Are you fun to go on vacation with?

*I* think I’m a lot of fun to go on vacation with because I like to fill every moment with something to see or do. I don’t want to “waste” time, so I plan the itinerary to the nth degree, figuring we can rest after we get back home.
However, people who’ve accompanied me say my vacations are exhaustingthat they need another vacation after the vacation to recover.

Have you ever found true love?

Twice—I found true love with my first husband, who passed away, and  found it again with my husband of thirty years (to date).

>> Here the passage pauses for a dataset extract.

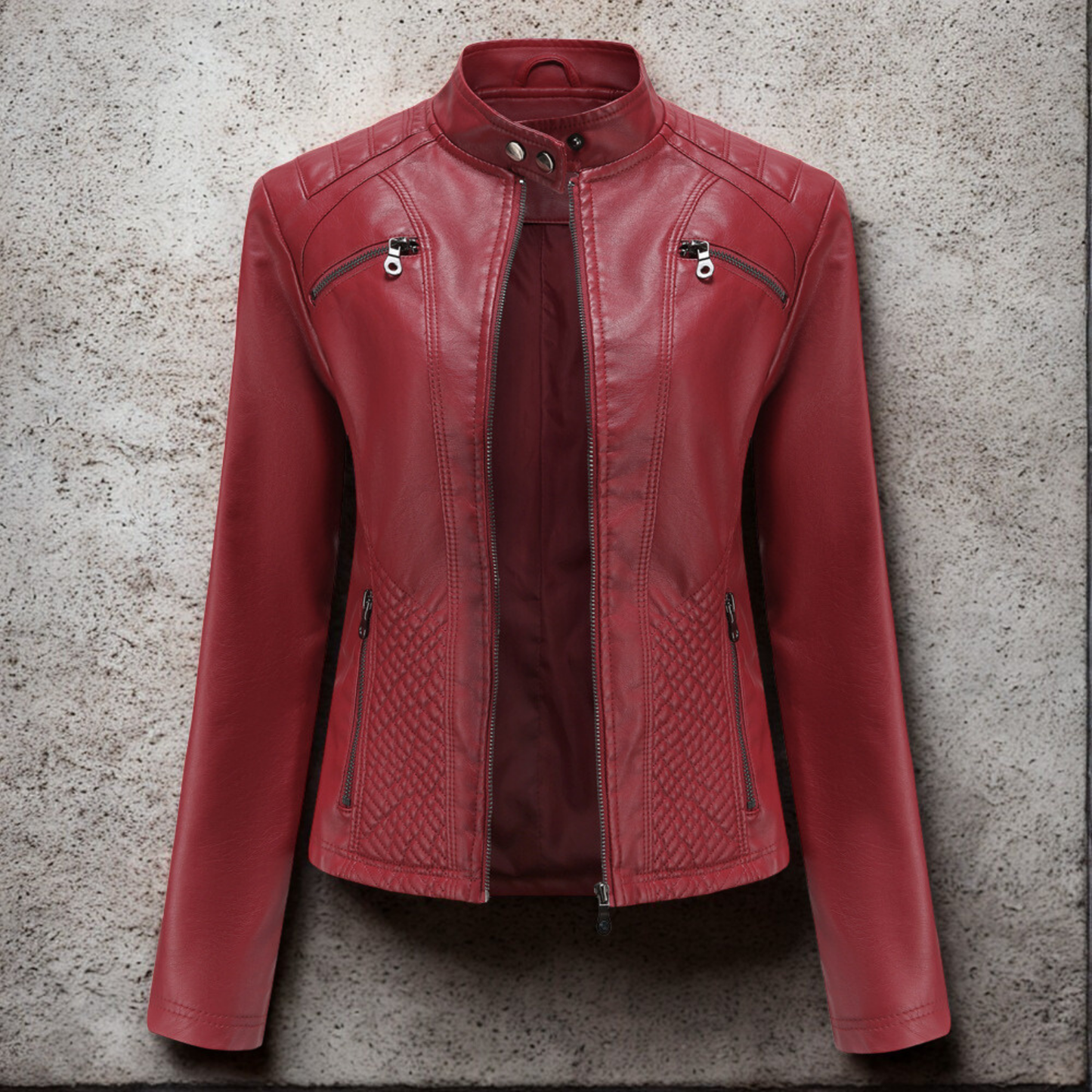 Women’s Jacket - Faux Leather - Slim Fit - Stand Collar - Hip Length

If you came with a warning label, what would it say? 

Beware: Junkyard Dog!

Where can we find you online?

Download Wild Rose Pass on Amazon:
and other online retailers


Karen Hulene Bartell said...

Thanks for the Garden Interview - ON my birthday, no less ;)

Jean M. Grant said...

Loved learning more about you, Karen! Your subtle book threads are interesting. Travel sparks my muse, too! Happy Birthday, too. :)

Mary Morgan said...

Wonderful interview, Karen. I love this line: "Beware: Junkyard Dog!" Happy Birthday! Enjoy!

M. S. Spencer said...

Karen , I'm not sure whether we talked about this before, but I lived in Egypt for a year (many years ago). Back then the Egyptian Museum had lots of mummies--which were displayed in open boxes! I actually touched Ramses II. Then after grad school at U of Chicago almost worked at the Field Museum (I did get to work at Museum of Natural History in NY)--a great place!

Karen Hulene Bartell said...

Thank you, Jean M. Grant! Yes, travel is (at least, for me) the key to any writing I do! Appreciate your dropping by!

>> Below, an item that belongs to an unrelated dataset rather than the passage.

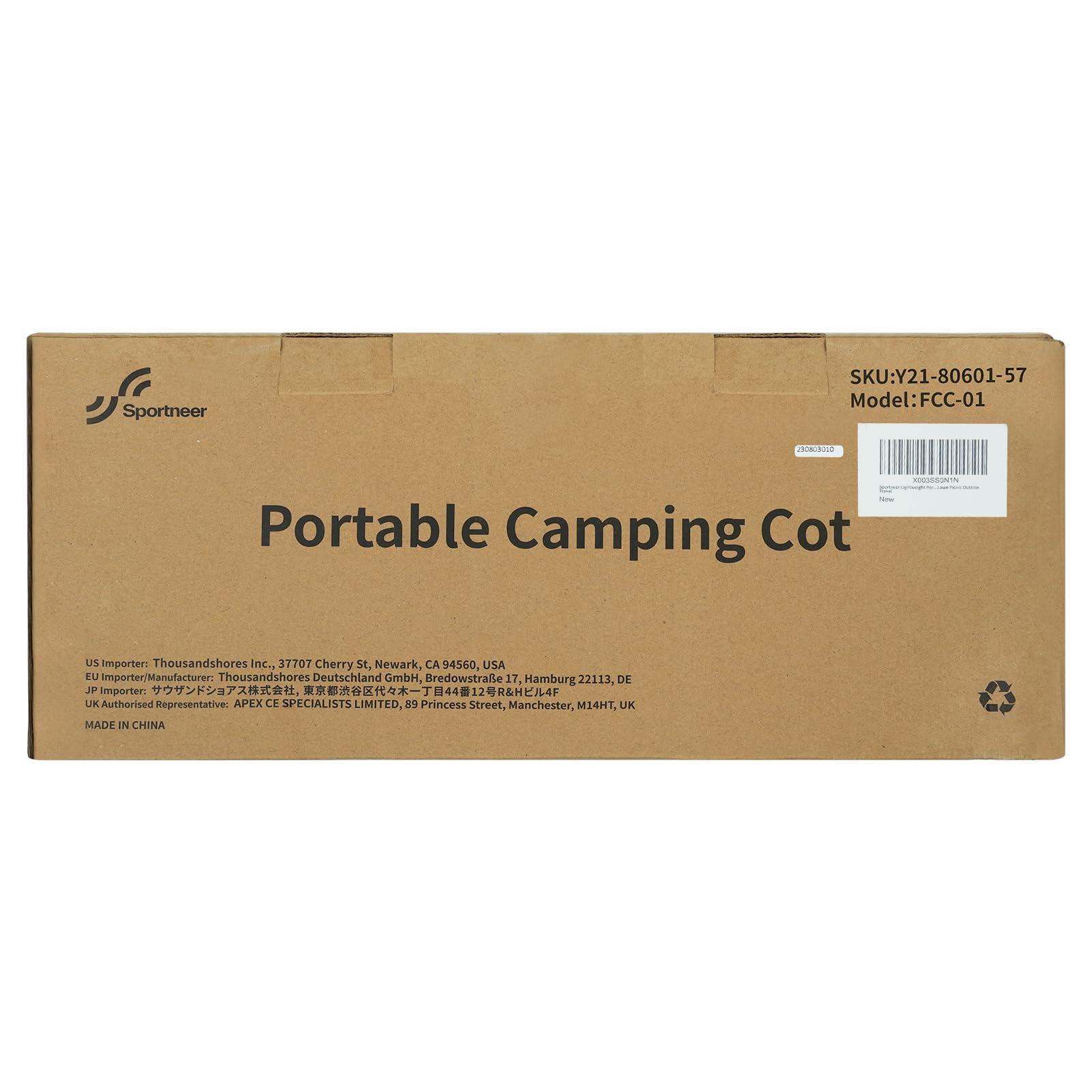 Sportneer Camping Cot, Folding Cots Lever Lock Portable Lightweight Sleeping Camping Bed for Adults Outdoor Travel Backpacking Camp Hiking Supports 330lbs - Image 9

Karen Hulene Bartell said...

Hah - thanks for stopping in, Mary Morgan! Yes, Both my husband and a previous boss have both called me a Junkyard Dog - I *hope* because of my tenacity...

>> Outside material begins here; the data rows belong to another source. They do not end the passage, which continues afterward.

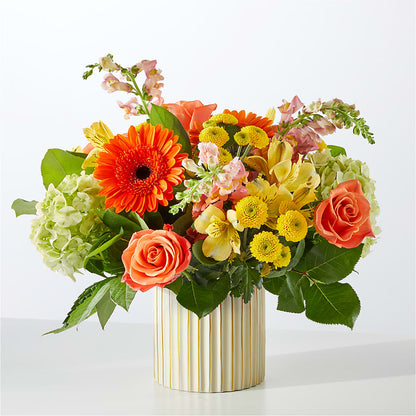 Autumn Sunshine Bouquet with Ivory Vase –  United Floral Svc Inc, Philadelphia PA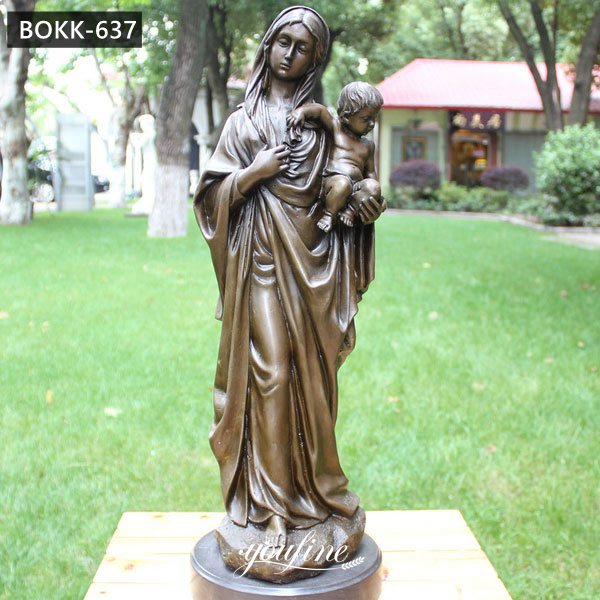 Religious Mother Mary Holding Baby Jesus Bronze Statue for Sale BOKK-637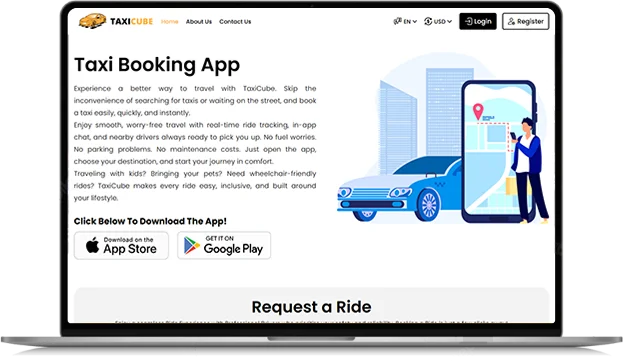 Uber clone web panel interface for managing a taxi booking platform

Karen Hulene Bartell said...

M. S. Spencer, thanks for sharing that info! WoW! I've been to the Egyptian Museum - but 10 years ago (just before the riots), and the mummies were all enclosed. LUCKY YOU to have touched antiquity! I grew up at the Field Museum - we lived in Chicago, and it was my favorite museum! And lucky you to work at the Museum of Natural History in NY. I visited there many times in the 60s and 70s - must have been a great place to work! Thank you for stopping by!

Barbara Bettis said...

Oh, goodness, Karen, I loved Egyptology! My ancient history prof did his doctoral (and Rhodes Scholar) study on Howard Carter. I've kind of gotten away from it these past years, but I'm still fascinated by it. I took my grandchildren to the Nelson Museum in KC several years ago--my grandson was still young. I especially wanted to share my love of the ancient world with them, but when we went into the Egypt room and past a case with an open sarcophagus, he couldn't look at the mummy. Now he's a senior in high school, and he still remembers how much that mummy used to scare him. Looking forward to Paisano Pass!

Karen Hulene Bartell said...

Bless you, Barbara Bettis! Appreciate your stopping by and sharing your love of Egyptology! The Field Museum mummies were what made me aware of death at 9-y-o - and kept me up at night, but I loved to watch those old 30s or 40s Mummy movies on TV Saturday nights! said...

Happy Birthday, Karen!
Your love and subject matter expertise shines through in your stories.

Karen Hulene Bartell said...

Charlotte, what a sweet thing to say! Thank you so much for dropping in today!

Karen Michelle Nutt said...

I enjoyed your interview. Travel always sparks my muse, too. I'm sure that a lot of writers will say so. lol I loved the explanation about why comedians laugh at their own jokes. It makes sense but never thought about it.

Nice to meet you. And Happy Birthday!